And when it was determined that he should sail into Italy and that Paul, with the other prisoners, should be delivered to a centurion, named Julius, of the band Augusta,
Going on board a ship of Adrumetum, we launched, meaning to sail by the coasts of Asia, Aristarchus, the Macedonian of Thessalonica, continuing with us.
And the day following, we came to Sidon. And Julius, treating Paul courteously, permitted him to go to his friends and to take care of himself.
And when we had launched from thence, we sailed under Cyprus, because the winds were contrary.
And sailing over the sea of Cilicia and Pamphylia, we came to Lystra, which is in Lycia.
And there, the centurion, finding a ship of Alexandria sailing into Italy, removed us into it.
And when for many days we had sailed slowly and were scarce come over against Gnidus, the wind not suffering us, we sailed near Crete by Salmone.
And with much ado sailing by it, we came into a certain place, which is called Good-havens, nigh to which was the city of Thalassa.
And when much time was spent and when sailing now was dangerous, because the fast was now past, Paul comforted them,
Saying to them: Ye men, I see that the voyage beginneth to be with injury and much damage, not only of the lading and ship, but also of our lives.
But the centurion believed the pilot and the master of the ship, more than those things which were said by Paul.
And whereas it was not a commodious haven to winter in, the greatest part gave counsel to sail thence, if by any means they might reach Phenice, to winter there, which is a haven of Crete, looking towards the southwest and northwest.
And the south wind gently blowing, thinking that they had obtained their purpose, when they had loosed from Asson, they sailed close by Crete.
But not long after, there arose against it a tempestuous wind, called Euroaquilo.
And when the ship was caught and could not bear up against the wind, giving up the ship to the winds, we were driven.
And running under a certain island that is called Cauda, we had much work to come by the boat.
Which being taken up, they used helps, undergirding the ship: and fearing lest they should fall into the quicksands, they let down the sail yard and so were driven.
And we, being mightily tossed with the tempest, the next day they lightened the ship.
And the third day they cast out with their own hands the tacking of the ship.
And when neither sun nor stars appeared for many days and no small storms lay on us, all hope of our being saved was now taken away.
And after they had fasted a long time, Paul standing forth in the midst of them, said: You should indeed, O ye men, have hearkened unto me and not have loosed from Crete and have gained this harm and loss.
And now I exhort you to be of good cheer.
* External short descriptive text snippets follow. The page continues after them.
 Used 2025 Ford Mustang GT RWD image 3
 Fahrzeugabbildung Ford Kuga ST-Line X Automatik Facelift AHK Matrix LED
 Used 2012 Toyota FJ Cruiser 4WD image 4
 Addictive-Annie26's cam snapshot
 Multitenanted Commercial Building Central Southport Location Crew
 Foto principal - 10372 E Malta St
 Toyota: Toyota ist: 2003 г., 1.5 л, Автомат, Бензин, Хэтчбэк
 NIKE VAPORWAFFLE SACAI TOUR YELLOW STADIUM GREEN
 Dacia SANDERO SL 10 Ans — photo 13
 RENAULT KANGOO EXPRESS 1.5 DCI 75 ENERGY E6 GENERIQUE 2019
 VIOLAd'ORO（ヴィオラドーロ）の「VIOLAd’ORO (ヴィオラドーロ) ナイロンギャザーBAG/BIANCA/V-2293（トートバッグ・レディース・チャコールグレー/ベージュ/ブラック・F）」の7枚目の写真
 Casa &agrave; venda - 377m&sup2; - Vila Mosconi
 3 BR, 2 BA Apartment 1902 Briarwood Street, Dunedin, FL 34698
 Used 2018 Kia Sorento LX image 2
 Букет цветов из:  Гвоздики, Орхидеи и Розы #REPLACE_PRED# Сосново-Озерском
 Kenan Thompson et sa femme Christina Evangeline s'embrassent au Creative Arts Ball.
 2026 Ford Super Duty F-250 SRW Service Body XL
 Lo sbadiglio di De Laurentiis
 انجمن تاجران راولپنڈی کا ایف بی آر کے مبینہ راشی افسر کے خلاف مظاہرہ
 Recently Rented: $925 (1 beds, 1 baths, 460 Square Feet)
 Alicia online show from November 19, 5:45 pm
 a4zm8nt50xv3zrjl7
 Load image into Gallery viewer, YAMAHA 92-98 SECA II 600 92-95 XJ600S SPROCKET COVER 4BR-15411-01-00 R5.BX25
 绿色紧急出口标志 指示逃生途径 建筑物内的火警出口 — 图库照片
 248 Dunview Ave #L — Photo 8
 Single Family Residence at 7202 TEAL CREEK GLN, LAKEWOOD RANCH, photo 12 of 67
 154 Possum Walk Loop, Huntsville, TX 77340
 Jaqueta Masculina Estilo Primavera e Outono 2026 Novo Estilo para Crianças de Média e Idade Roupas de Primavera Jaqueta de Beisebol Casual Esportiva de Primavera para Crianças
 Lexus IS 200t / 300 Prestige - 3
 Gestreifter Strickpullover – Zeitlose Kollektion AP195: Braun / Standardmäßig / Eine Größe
For there shall be no loss of any man’s life among you, but only of the ship.
For an angel of God, whose I am and whom I serve, stood by me this night,
Saying: Fear not, Paul, thou must be brought before Caesar; and behold, God hath given thee all them that sail with thee.
Wherefore, sirs, be of good cheer: for I believe God, that it shall so be, as it hath been told me.
And we must come unto a certain island.